At Trinidad Carnival 2024, Robert Young's band 'Vulgar Fraction' featured Moko Jumbie stilt-walkers and masqueraders in Palestinian flag colors, watermelon symbols, and 'Free Gaza' & 'Ceasefire' messages.

[image courtesy of Abigail Hadeed, Carnival 2024 Trinidad and Tobago, Vulgar Fraction ‘Isabay Bear With-Ness’, designed by Robert Young]

How could we begin or continue to engage ‘making hakawatya [stories/storytelling]’ as praxis in our feminist advocacy? 

Palestine, as people, culture, community, and environment, has a centuries-old history that I will not do justice to in a brief paragraph, please see more below. In recent history, the story of mass dispossession, ethnic cleansing and systematic oppression of Palestinian peoples starts with colonisation and colonialism. 

During the teach-in, Saajid highlighted that “our own history [ie, Caribbean histories] is an example in settler colonialism and ethnic cleansing…our history does not exist in isolation…the Caribbean is a region produced on imperialism”. Let’s unpack that a bit. Our countries, communities, and even our region, would not exist as it does today without the bloody stamp of colonisation. The violent and extractive processes that were implemented through the transatlantic slave trade and the plantation estates in the Caribbean manufactured processes of racialisation and extractive capitalism. The Caribbean region was a lab ground for these models of violent displacement, dispossession, extraction, and waste. We must (un)learn and confront how our histories and present realities of imperial and patriarchal frameworks are connected. 

Therefore when we consider the history of Zionist settler colonialism in Palestine in the early 20th, afterwards accelerated by the British mandate and occupation of large areas in Palestine and neighbouring areas, cleansing land (land, not environment or natural surroundings, land to be excavated for profit) of indigenous populations to satisfy the necessary dehumanising of colonial and imperialist ideologies, we engage with the intersections between our histories, more especially with the shape-shifting infrastructure of extractive racial capitalism. 

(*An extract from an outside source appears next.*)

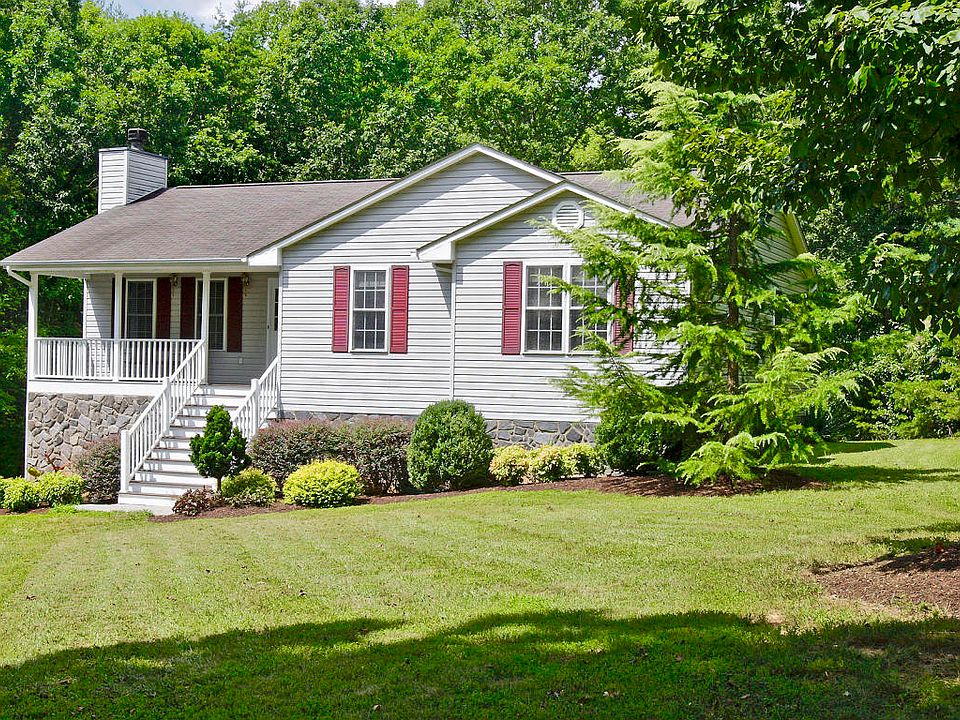 1st image of 250 Oak Garden Dr
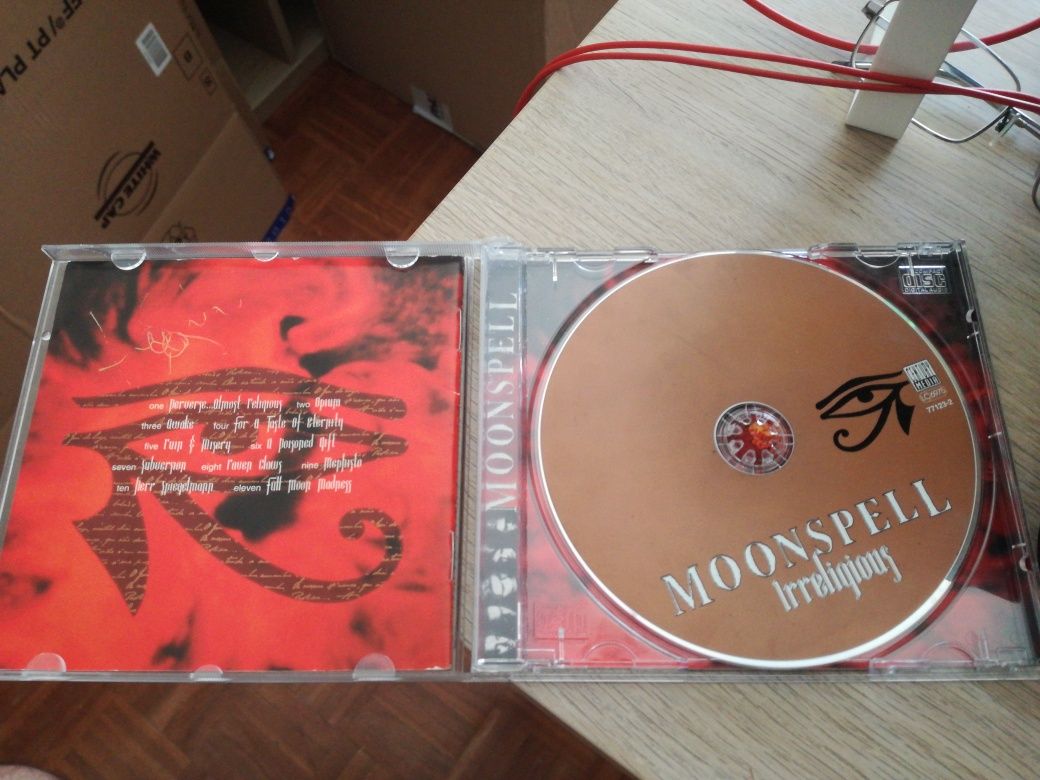 CD Autografado Moonspell Irreligious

This - extremely - brief unpacking of Saajid’s statement during the Ignite workshop builds from generations of revolutionaries and thinkers that elaborate on all the dimensions of empire - see some suggestions in the reading lists below. Shifting these contexts to an intersectional feminist lens, what is key is not to build bridges of solidarity through connecting histories of oppression - although these are extremely valid connections, perhaps good entry points into developing solidarity links - but to practise bridges of solidarity as an imagination of what kind of world we want to build, need to build to live together without living to the detriment of another ecosystem, human or non-human.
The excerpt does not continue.